Fair points Bloss, however I personally don't think treated pine ever ages gracefully - just ends up looking like old treated pine. It might grey to an extent, but it won't silver like other timbers. 
If the OP is happy with the appearance of old TP, then I agree, let it run it's natural course. 
Cheers
Fletch

----------


## Bloss

> Fair points Bloss, however I personally don't think treated pine ever ages gracefully - just ends up looking like old treated pine. It might grey to an extent, but it won't silver like other timbers. 
> If the OP is happy with the appearance of old TP, then I agree, let it run it's natural course. 
> Cheers
> Fletch

  Yeah - I am not a huge fan, but well-treated and well selected is OK if you like the look. I do lots of bushwalking and there are many places with 20 and 30 year old TP structures untreated in harsh conditions and they still look great. 
I think many have seen low quality and badly built TP - especially from 10-15 years ago when QA was poor (there were many treatment plants that were producing very ordinary stuff). 
If it starts to look ratty then fill cracks and use an opaque acrylic paint is my answer. The big advantage of course is cost, but as you say only if you like the look - that one in the OP's pics looks good to me.

----------


## strangerep

> Our vision with all this decking was to achieve a wharf like feel and to allow the timber to weather and grey,

  Having seen what this sort of TP decking looks like 10 yrs later, IMHO it looks like crap. It's not just greying, but also mold, etc, that gradually establishes a presence and needs some sort of chlorine-based bleach to thump it.   

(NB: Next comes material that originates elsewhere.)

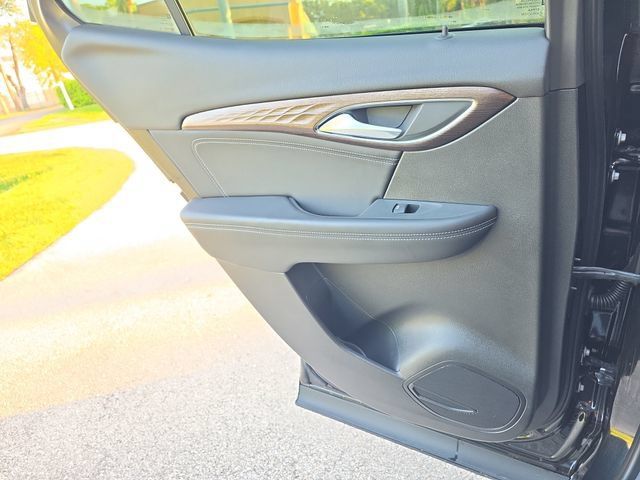 Certified 2023 Buick Envision Avenir AWD/4WD image 10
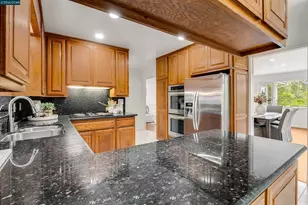 61 Sullivan Dr, Moraga, CA 94556 - Photo 16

> We are after low-maintenance and the idea of set and forget really appealed.

  There is no such thing with exterior timber. The nearest you'll get is paint, but the inevitable splitting of the timber as it ages means this doesn't keep an ideal appearance indefinitely. I painted some exterior TP steps with 3 coats of the old Cabot's timber colour paint, and it held up pretty well for quite a few years. Depends on how much foot traffic it cops, of course.   

> [...] oiled the timber or stained it immediately to preserve the timber.

   That's wrong. It's better to let the timber stabilize for a while, and allows some tannins to leach out from rain if they want to.   

> [...] a solution that is hassle free maintenance

   There's no such thing. Oils (of which Cutek is probably the best) need recoat every 1-2 yrs, plus a serious cleaning each time (see other threads about napisan and oxalic for this). Water-based products like Spa-n-Deck need sanding if you let them go too long. 
Personally, I think your deck and steps would look better if painted a grey colour which is the same hue as the surrounding grey paint (but probably a different tone of the same hue -- that would need experimentation with sample pots). It'll certainly last longer than any finish which tries to preserve the woodgrain appearance, but you'll still be repainting in X years time. 
IMHO, the wise strategy when weighing these options is to think about what will still look "reasonable" in 5-10 years time, and be easy to recoat, rather than what looks "fantastic" in the short term, but quickly degrades in a year or two if not given enough TLC.

----------


## jmn

Hi Neophyte 
Great looking deck. Looking to build the same type of deck using wide boards. Love the look of the "wharf style" deck. 
What size boards did you use for this job? 
Are they treated pine boards? Was thinking of using hardwood boards but will be easier to use treated pine.  
Josh

----------


## Neophyte

> What size boards did you use for this job? ...  Are they treated pine boards? Was thinking of using hardwood boards but will be easier to use treated pine.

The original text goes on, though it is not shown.